This research programme will develop a geometric framework to bring together a significant body of work in the field of SL2-tilings and to answer major open questions in the field.

The subject of this proposal originated in simple number patterns which thirty years after their discovery proved to be a small part of a profound mathematical theory. These number patterns were first studied in the 1970s and named friezes because of their repetitive appearance. Conway and Coxeter devised an attractive way to classify friezes using polygons divided into triangles - triangulated polygons. Independent of this, the powerful theory of cluster algebras was developed in the 2000s, which found deep applications in diverse mathematical fields. It was observed that friezes could be constructed from cluster algebras, and this led to the development of new number patterns, more general than friezes, called SL2-tilings.

The field of SL2-tilings flourished in the decade since their inception, with leading groups in the UK at Leeds and Newcastle. Connections were uncovered to other mathematical fields, including algebraic combinatorics, difference equations, projective geometry, and representation theory. There has been significant focus on classifying types of SL2-tilings, usually with models inspired by Conway and Coxeter's triangulated polygons, to give mathematicians a visual way of interpreting SL2-tilings.

In 2015, it was observed that Conway and Coxeter's theory can be explained elegantly using a geometric object called the Farey complex, which can be thought of loosely as an infinite triangulated polygon. It has a geometry associated to it known as hyperbolic geometry, the geometry of special relativity from physics.

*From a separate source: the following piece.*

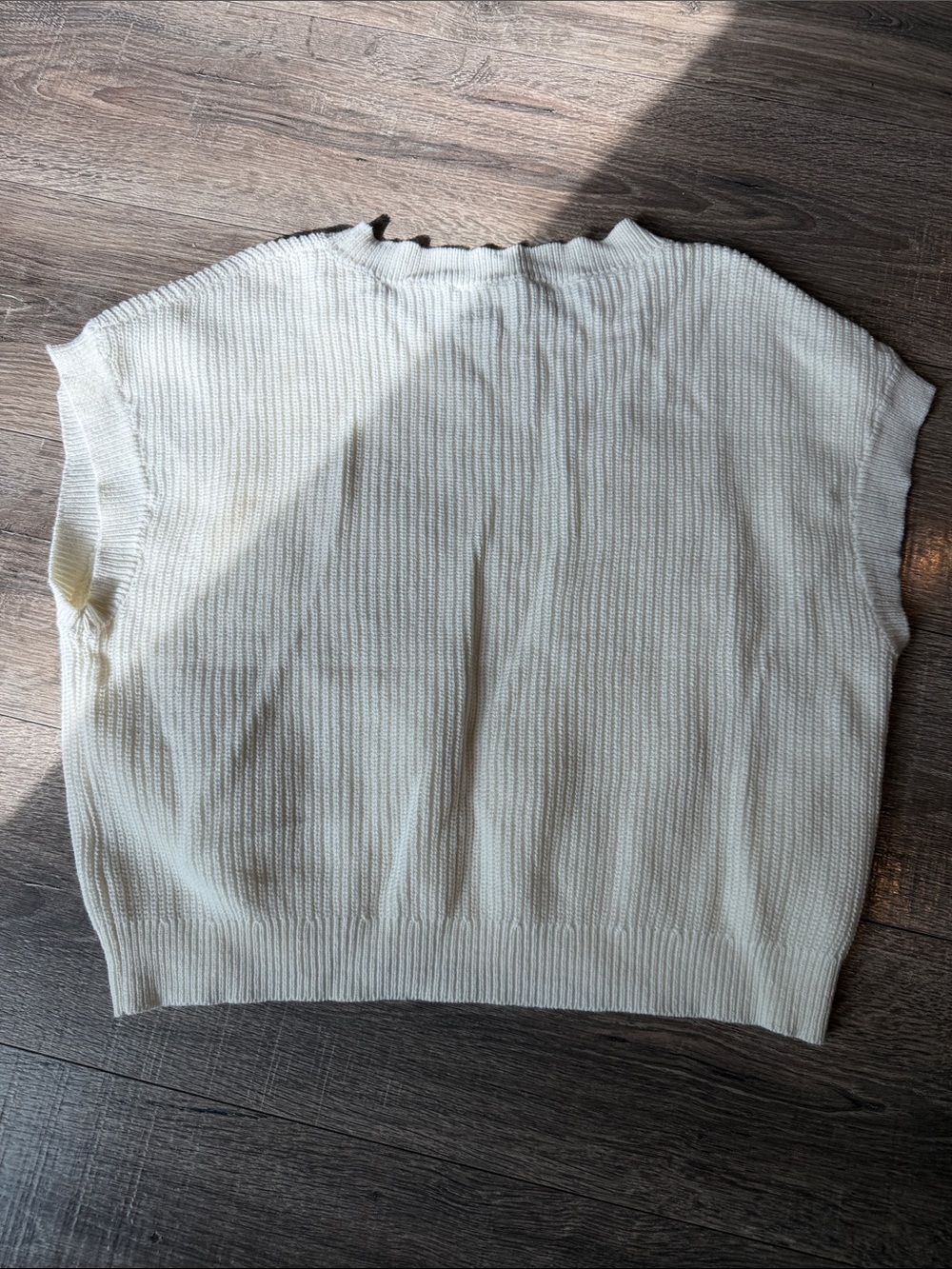 NWOT Three bird Nest knit horse Vest - Picture 5 of 5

The PI took up the baton in 2020, using the Farey complex to offer a unified approach to a host of recent works on SL2-tilings with integer entries. This proposal advances this unifying work to offer geometric models for classes of SL2-tilings that have thus far resisted classification. To achieve this, we will apply techniques from hyperbolic geometry and the field of continued fractions, which is concerned with representing numbers; both are fields of expertise of the PI.